== DATASET EXTRACT ==

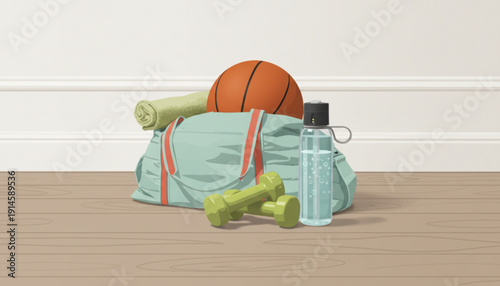 Gym bag with sports equipment on wooden floor basketball dumbbells and water bottle for fitness routine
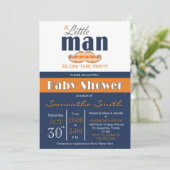 Little Man Baby shower Navy Blue en Oranje Kaart (Staand voorkant)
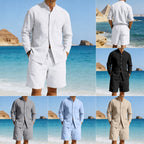 Men’s Summer Linen Set: Vintage Stand Collar Shirt & Shorts Beach Wear - Sixin1
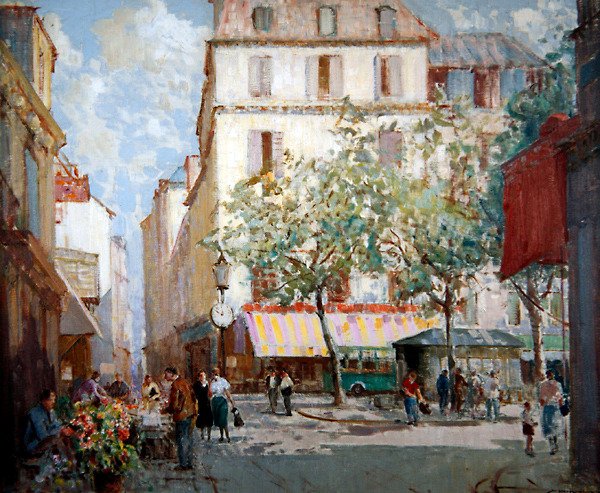 A Square in Paris (olje på lerret) av William Lee Hankey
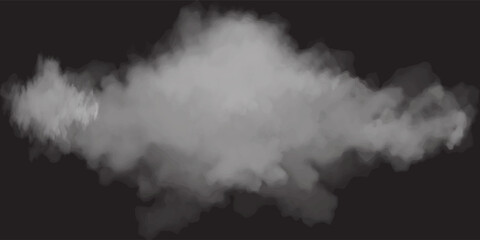White Cloud Isolated on Black Background. Good for Atmosphere Creation and Composition. Collection Set
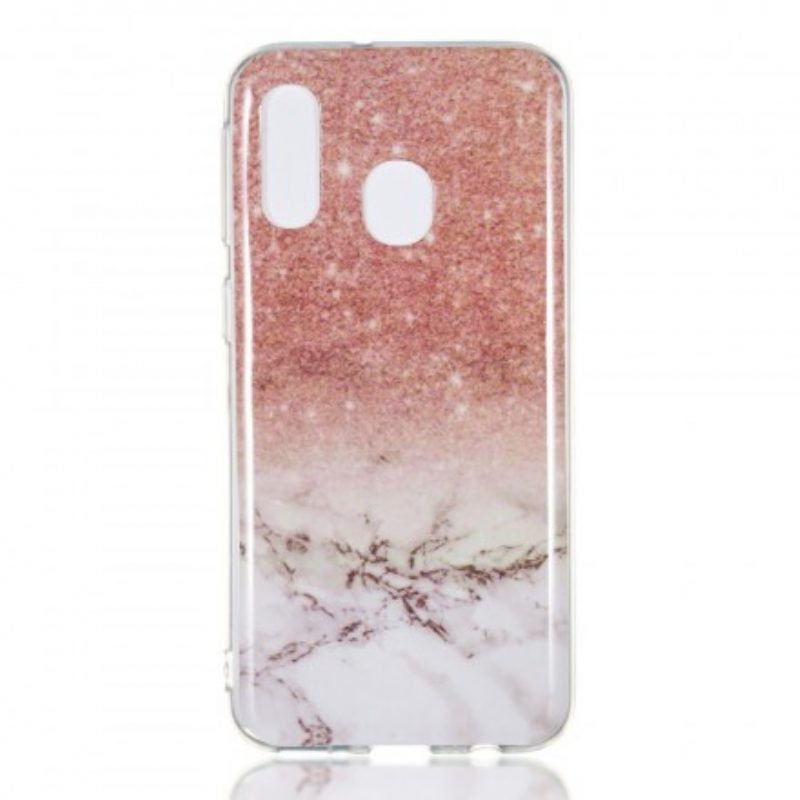 Hoesje voor Samsung Galaxy A40 Glitter Marmer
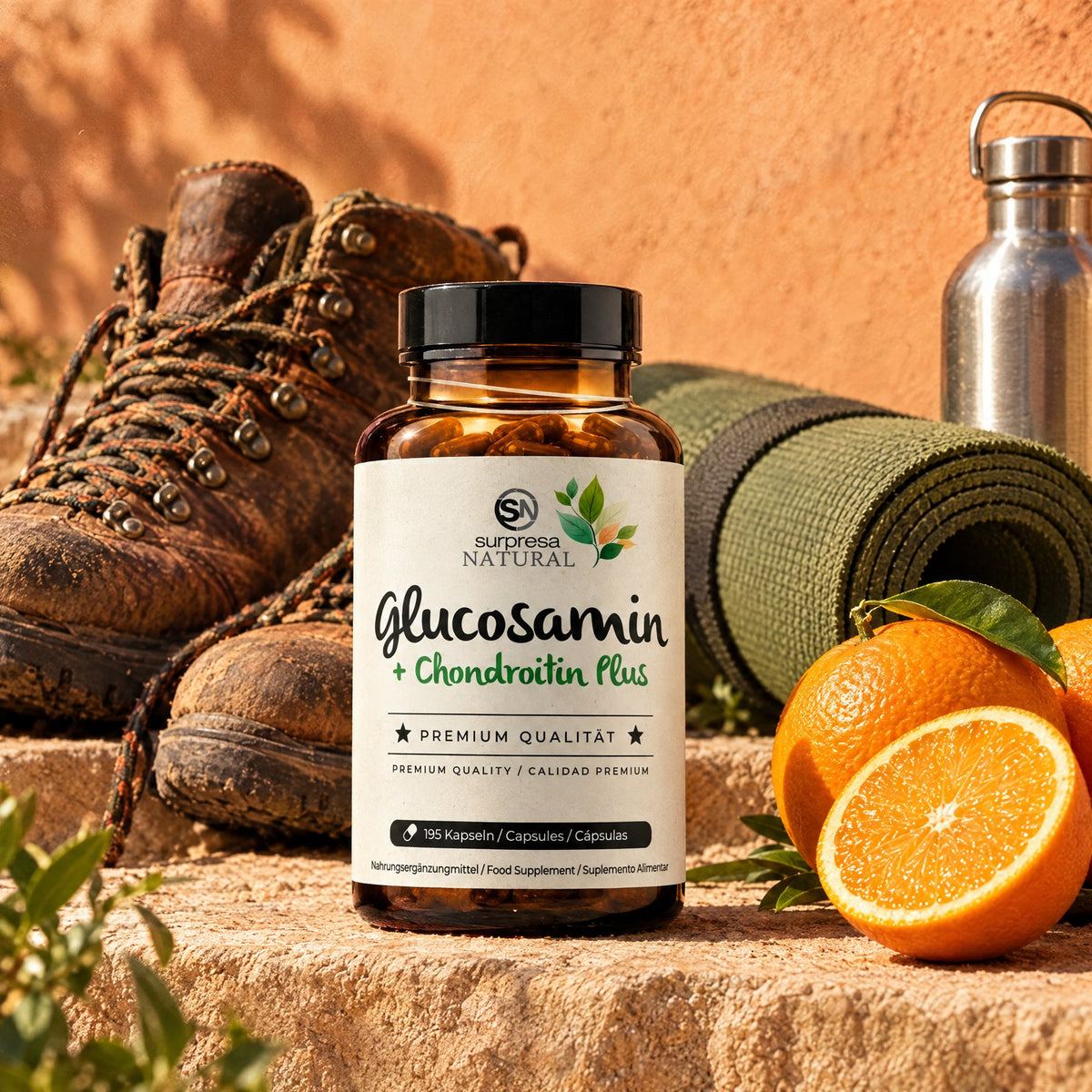 Surpresa Natural Glucosamin + Chondroitin Plus mit Wanderstiefeln und Orangen in der Sonne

===

→ **DIRECTIONS**
Print exactly the lines from the one containing "Little Man Baby" through the last line of the records, both included, and leave out the pictures.

→ **RESPONSE TO THE EXERCISE**
 Little Man Baby shower Navy Blue en Oranje Kaart (Staand voorkant)
 Men’s Summer Linen Set: Vintage Stand Collar Shirt & Shorts Beach Wear - Sixin1
 A Square in Paris (olje på lerret) av William Lee Hankey
White Cloud Isolated on Black Background. Good for Atmosphere Creation and Composition. Collection Set
 Hoesje voor Samsung Galaxy A40 Glitter Marmer
 Surpresa Natural Glucosamin + Chondroitin Plus mit Wanderstiefeln und Orangen in der Sonne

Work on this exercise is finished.